KEY FINDINGS
COLLEGE ADMISSIONS: WHAT ARE STUDENTS LEARNING?
An exploration of how the selective college admissions experience is shaping student attitudes and behaviors by the Education Conservancy

Background
The college admissions environment has changed significantly during the past twenty years: more stakeholders, more marketing, more applications, more money, more emphasis, more testing, more activity, and more confusion. Amid this new landscape, there is growing concern that individual institutional actions, activities of parents, schools, students, and other actors in what we refer to as the admissions process, may not be serving the values and purposes traditionally associated with higher education. The college admissions process has been studied extensively from a marketing perspective-how students choose the colleges to which they apply and eventually enroll. Some attention has been given to the psychological aspects of the process-especially the accompanying stress and confusion experienced during the decision making process. However, we now need to better understand the impact of the admissions process, especially selective admissions, on student learning.

Project Description
The goal of this research project is to gain insight into student experiences with selective college admissions. We wanted to learn whether student attitudes and behaviors are being shaped in ways that: 1) warrant a larger study to more fully understand the identified issues; and 2) suggest remedial action on the part of colleges is needed. By questioning students in eight focus groups drawn from half private and half public high schools in Atlanta, Boston, San Francisco, and Chicago, we explored student experiences and learning during selective college admissions. The students were selected by their counselors to maximize gender and socio-economic diversity. Our research objectives were to answer the following questions about the admission process for high achieving students: It is important to acknowledge the limitations of this project. As an exploratory, focus group-based, qualitative effort of limited scope, our findings are not conclusive. We used the tools of qualitative research, and we were guided by professional experiences, sensitivities, and instincts to ask questions, listen, sort and discuss student responses, and identify and weigh themes. We made every attempt to maximize the degree of objectivity by involving many thoughtful minds in the careful crafting of our research protocol and by diversifying the number of qualified eyes and ears the information passed through. With that caveat, we can say that our findings suggest certain conclusions; they illuminate problems and possibilities that need additional attention, and suggest the conclusion that remedial action is both necessary and possible.

Primary Analysis
1. Students dislike disingenuous college recruiting. Generic marketing materials, college fairs, and information sessions are unappealing and too much like sales pitches. They dislike being encouraged to apply to a college even when they have no chance of admission. They feel that often schools are simply trying to serve themselves by courting students' money (application fees) and applications (only to reject them). They resent being targeted by colleges inappropriately early.
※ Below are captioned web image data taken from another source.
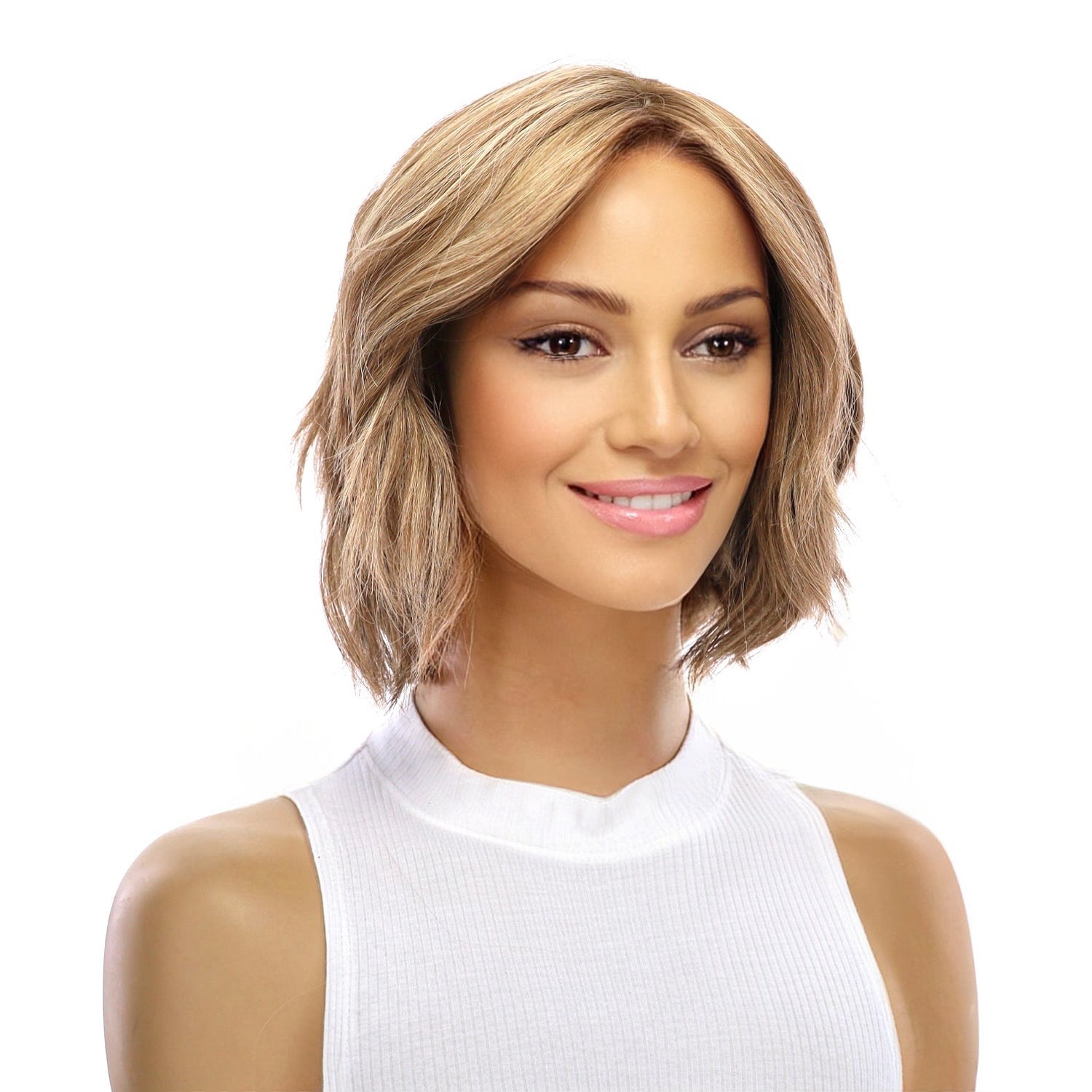 12" Halle Silk Top Wig Medium Blonde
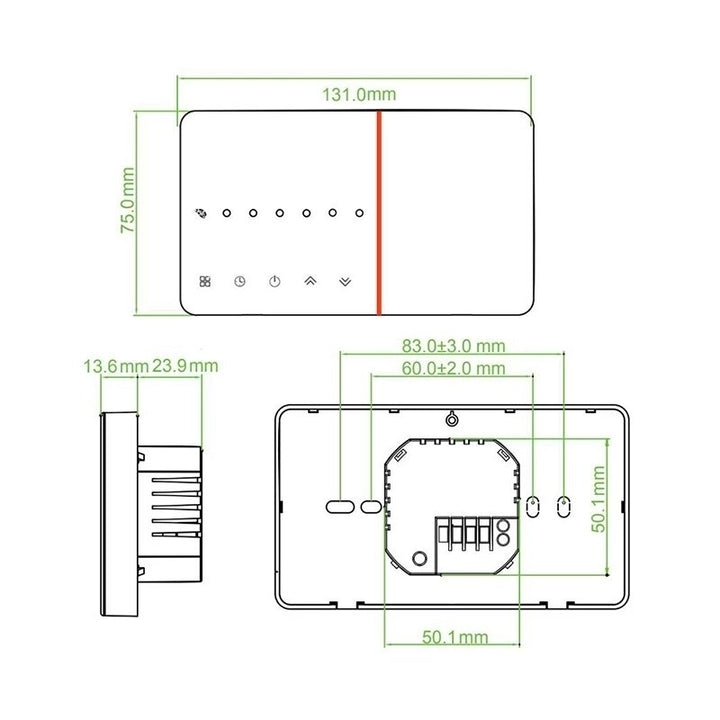 WIFI Smart Water Heating ,Electric Heating ,Gas Bolier Thermostat LCD Programming Room Controller Works with Alexa Image 8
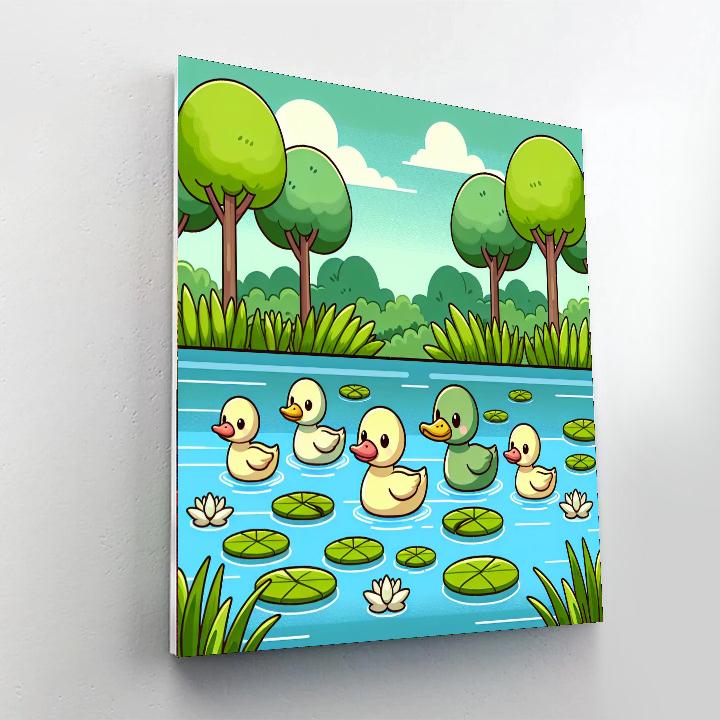 Quiet Quackers Numbered Painting Kits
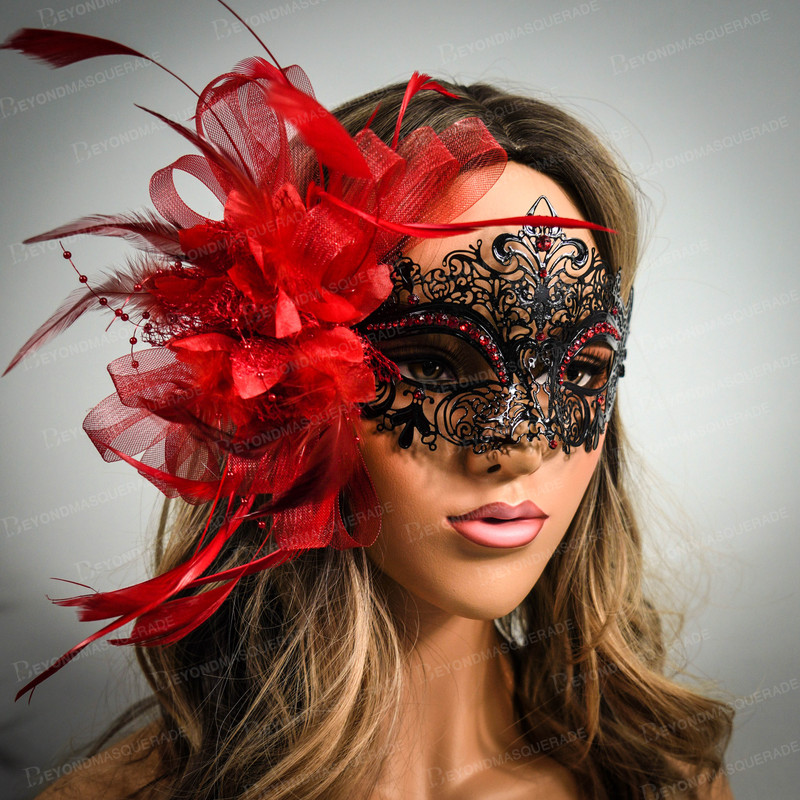Silver Simple & Elegant Masquerade For Men Mask Costume Prom Party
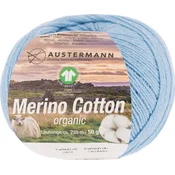 Austermann Merino Cotton 98311-27 Light Blue Pletilna preja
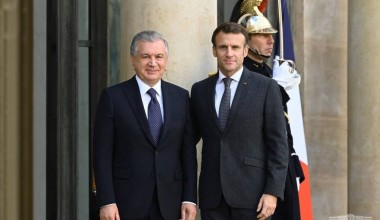 Президенты Узбекистана и Франции договорились о развитии отношений всестороннего партнёрства высокого уровня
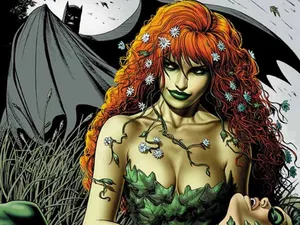Poison Ivy Comic Art Wallpaper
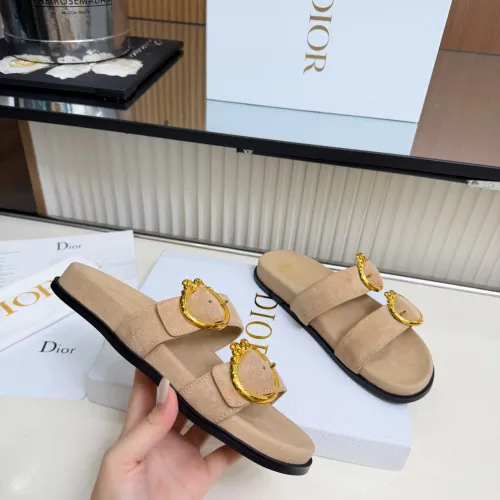 Replica Christian Dior Slippers For Women #1482215 $85.00 USD for Wholesale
2. Students would like to take more courses that interest them, but feel that it is a gamble to pursue their true interests.

3. Students feel pressured to do things for the sole purpose of gaining admission, such as participating in extracurricular activities, taking multiple AP or IB courses, engaging in various forms of SAT preparation. Students feel it is impossible to be everything colleges would like them to be.

4. Students receive conflicting messages from colleges. Colleges say they want well-rounded students, which is discouraging for many students with concentrated passions or unique qualities. Colleges also seem to expect students to know their majors and life goals.

5. Colleges say they are unique, but they all sound the same to many students.

6. Students feel like they should fill out all the spaces on the application for extracurricular activities -- the number of activities appears to be more important than the depth of involvement.

7. Students believe that colleges cannot, and do not, judge applicants in a fair and objective way.

8. Students agree that too much emphasis is placed on attending a prestigious college but admit that the prestige of a college does matter to them. They believe if they go to a better college they will get a better job and have more success in life.

9. Although students believe that the advantage of legacy connections are "just part of life," they feel that a student should not be defined by what his/her parents have done but rather by what they themselves have done.

10. The college application process helped high school students become better at planning, organizing paperwork, time management, and balancing school with extracurricular activities.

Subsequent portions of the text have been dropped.